Records from a dataset |

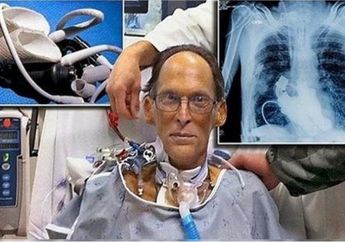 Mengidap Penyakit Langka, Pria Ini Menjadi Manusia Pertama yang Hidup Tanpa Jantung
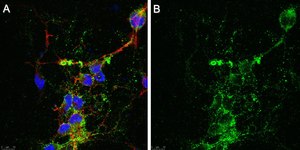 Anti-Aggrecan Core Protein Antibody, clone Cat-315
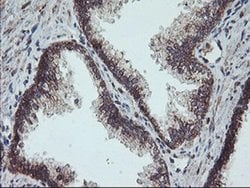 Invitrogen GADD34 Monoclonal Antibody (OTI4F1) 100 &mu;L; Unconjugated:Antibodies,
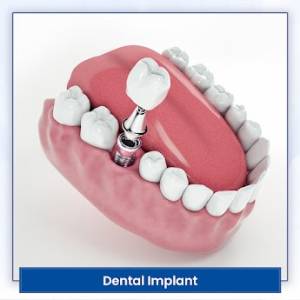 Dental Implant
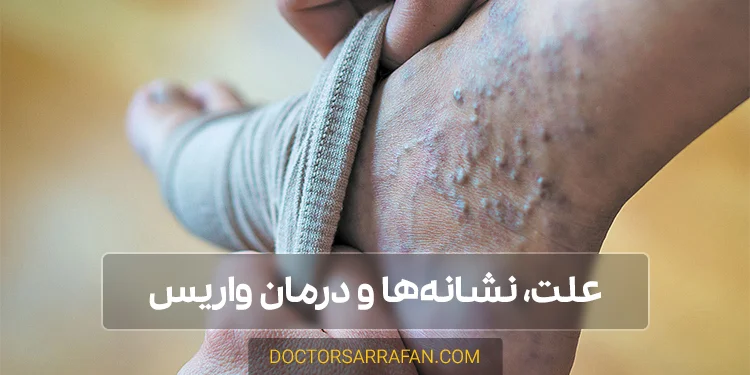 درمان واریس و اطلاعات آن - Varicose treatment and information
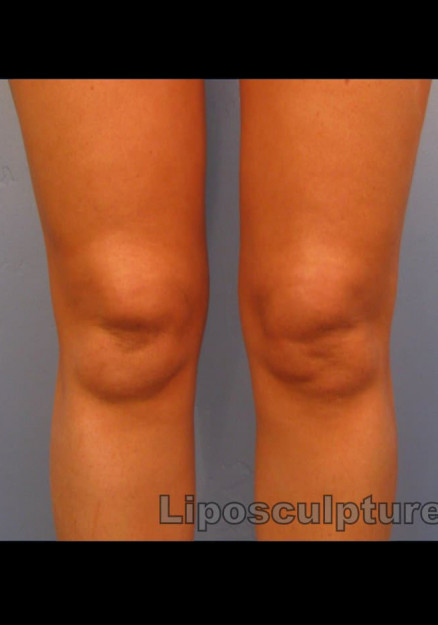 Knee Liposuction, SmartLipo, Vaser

---

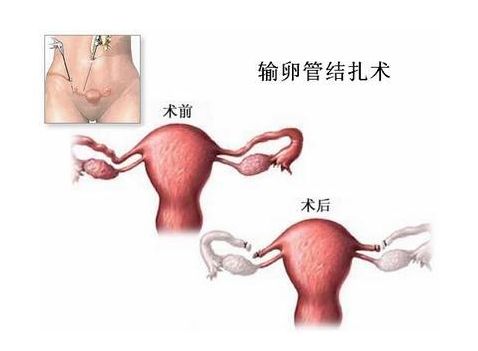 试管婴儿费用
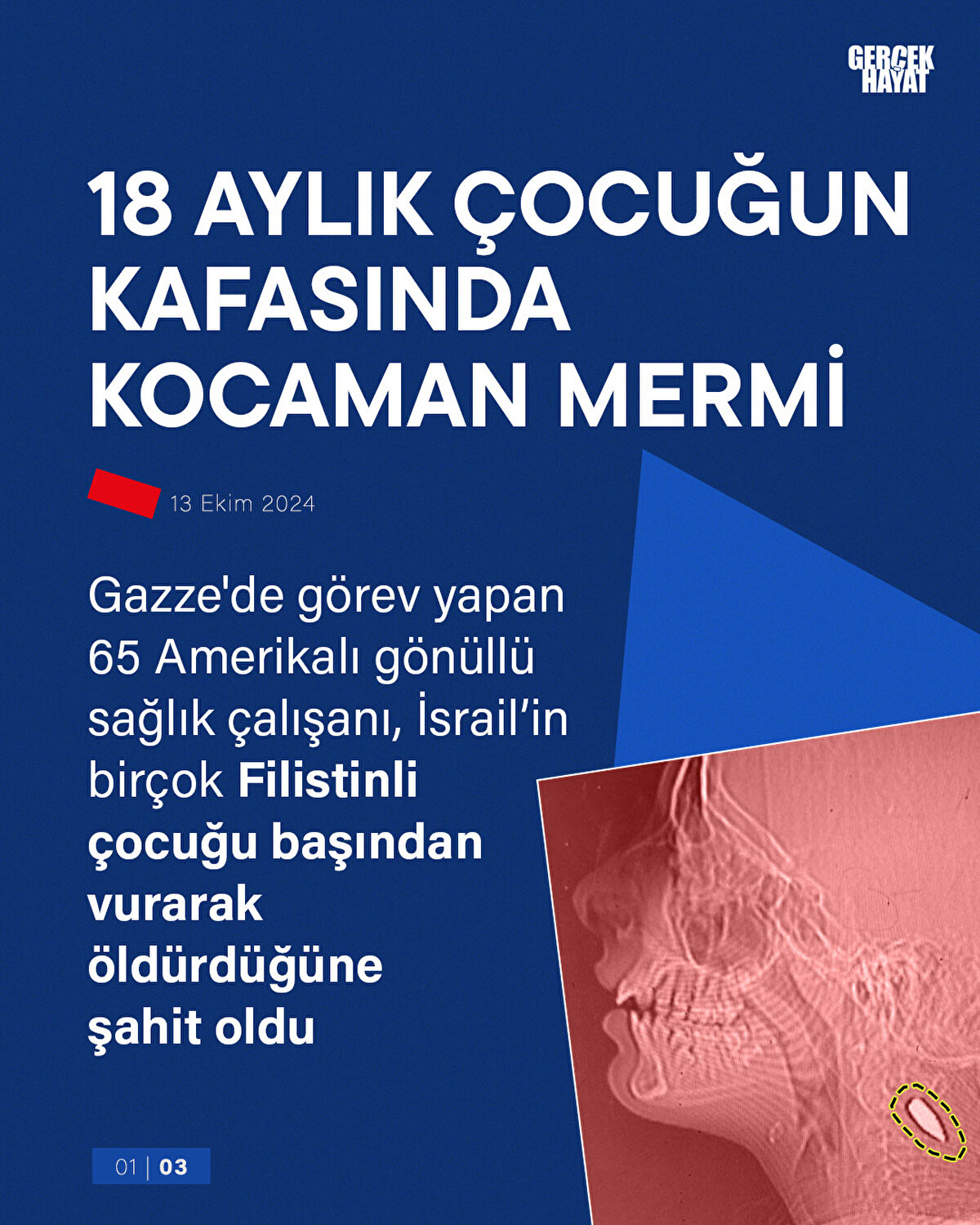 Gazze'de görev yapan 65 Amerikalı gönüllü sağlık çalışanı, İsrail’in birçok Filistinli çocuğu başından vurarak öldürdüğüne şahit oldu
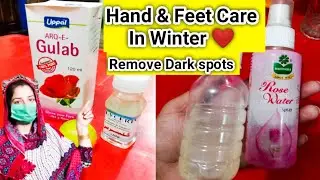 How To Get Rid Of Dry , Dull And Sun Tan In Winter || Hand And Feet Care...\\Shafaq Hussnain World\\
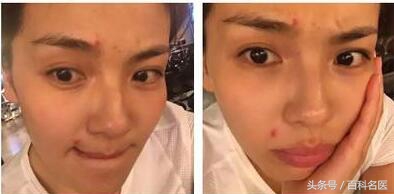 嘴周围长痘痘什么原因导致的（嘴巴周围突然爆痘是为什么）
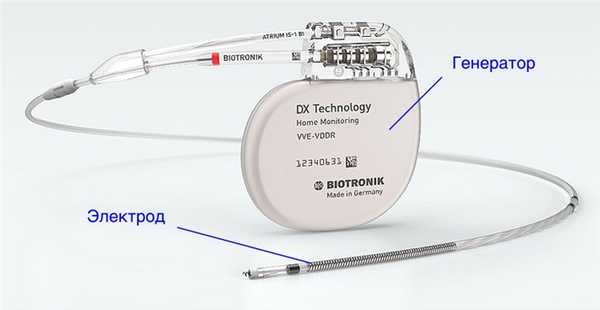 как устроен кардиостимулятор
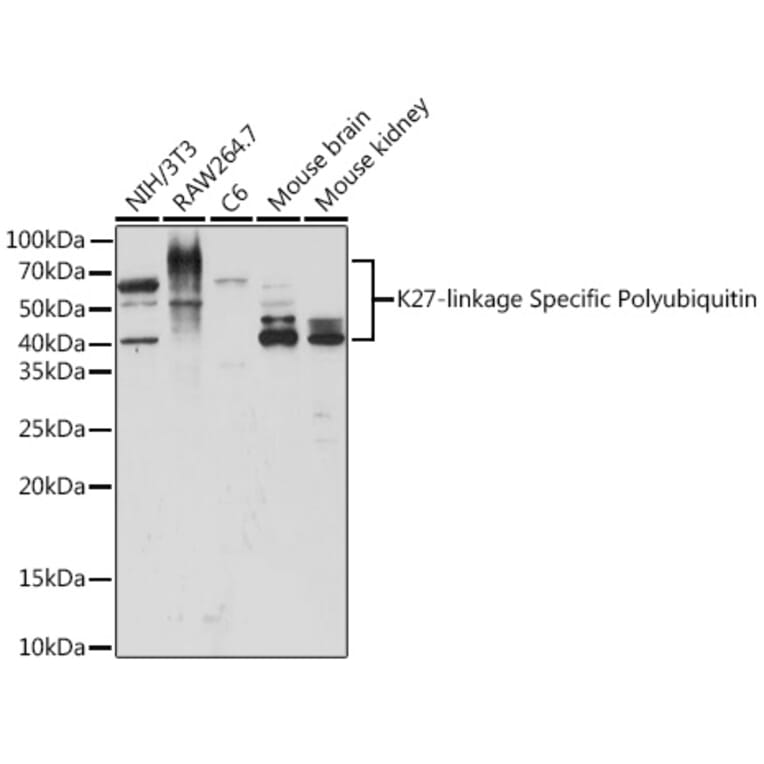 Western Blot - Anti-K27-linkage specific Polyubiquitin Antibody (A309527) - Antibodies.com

Task item | In the records above, find the line with "Invitrogen GADD34 Monoclonal" and the line with "Knee Liposuction, SmartLipo, Vaser"; please transcribe exactly those two lines and all lines between them, omitting any picture.

Solution to the exercise |
 Invitrogen GADD34 Monoclonal Antibody (OTI4F1) 100 &mu;L; Unconjugated:Antibodies,
 Dental Implant
 درمان واریس و اطلاعات آن - Varicose treatment and information
 Knee Liposuction, SmartLipo, Vaser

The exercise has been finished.